In an interview earlier this year with Windspeaker, Iacobucci said clarification of job descriptions for both the chair and commissioners had been undertaken "to make sure that the roles are as clearly defined as possible to avoid any misunderstanding."
Among the issues that derailed the first commission was interpretation of the commission's mandate, as well as the powers to be wielded by the chair and commissioners. The balancing of truth and reconciliation also proved to be a bone of contention.
Both truth and reconciliation are important factors in the healing of residential school survivors, said Castellano, who co-edited a book of essays titled From Truth to Reconciliation, Transforming the Legacy of Residential Schools.
"You can't have reconciliation without the truth telling. If the truth telling stops with painful stories then we're still stuck in pain and alienation. They have to be in balance," she said.

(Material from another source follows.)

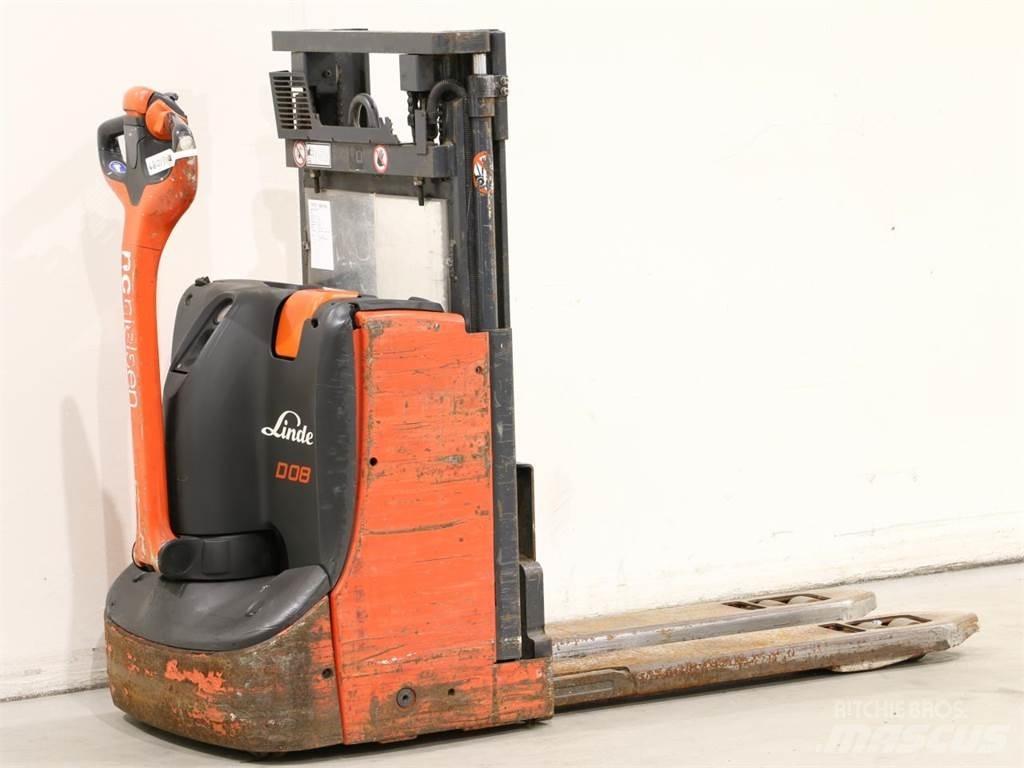 Linde D08/1160-00 Käyden ajettavat pinoamistrukit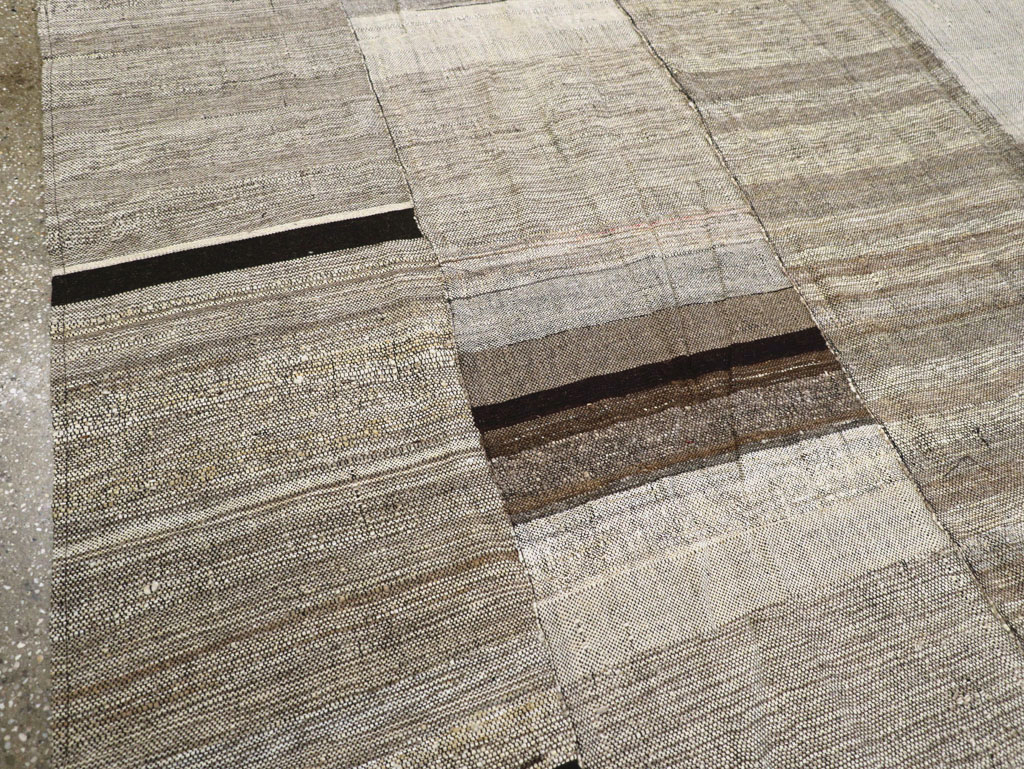 Modern Turkish Flatweave Room Size Carpet, No.31605 - Gsblank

Blackwater would like to see this new commission take over with both a welcoming ceremony, something that didn't happen the first time, and a two- or three-day orientation "so they're all on the same page regarding mandates and expectations."
The National Residential School Survivors Society is in the process of writing a letter to the new commission asking for a meeting, which will hopefully be granted for July.
"We've asked them to have a sit down with us as the voices and representatives of survivors right across Canada," said Blackwater.
The commission is part of a court-approved agreement that was negotiated in 2006 between the legal representatives of former students, churches, the federal government, the Assembly of First Nations and other Aboriginal organizations.
The five-year, $60-million-commission is to provide former students and their families with a chance to share their experiences in a culturally-appropriate setting, and to set the historical record straight about the 150-year legacy of forced assimilation through the Indian residential schools.
In announcing the appointments, Indian and Northern Affairs Minister Chuck Strahl said, "While it is regrettable that there were setbacks in the first year, the Truth and Reconciliation Commission and its staff have been hard at work pursuing endeavors towards the fulfillment of its mandate, such as increasing communications and outreach activities, continuing dialogue with parties and survivor organizations."
Said Phil Fontaine, national chief of the Assembly of First Nations, which was involved in the selection process for the commission members, "First Nations citizens and survivors across the country are eager to see the commission begin its work as soon as possible. It is important that survivors and all those involved in the schools have a chance to tell their stories. The commission will be an important vehicle to advance our national goal of reconciliation by building greater understanding among all the peoples of this land."
Blackwater is hopeful that the initial seven commission meetings that were to be held across the country will still happen, although the commission has lost a year of operation.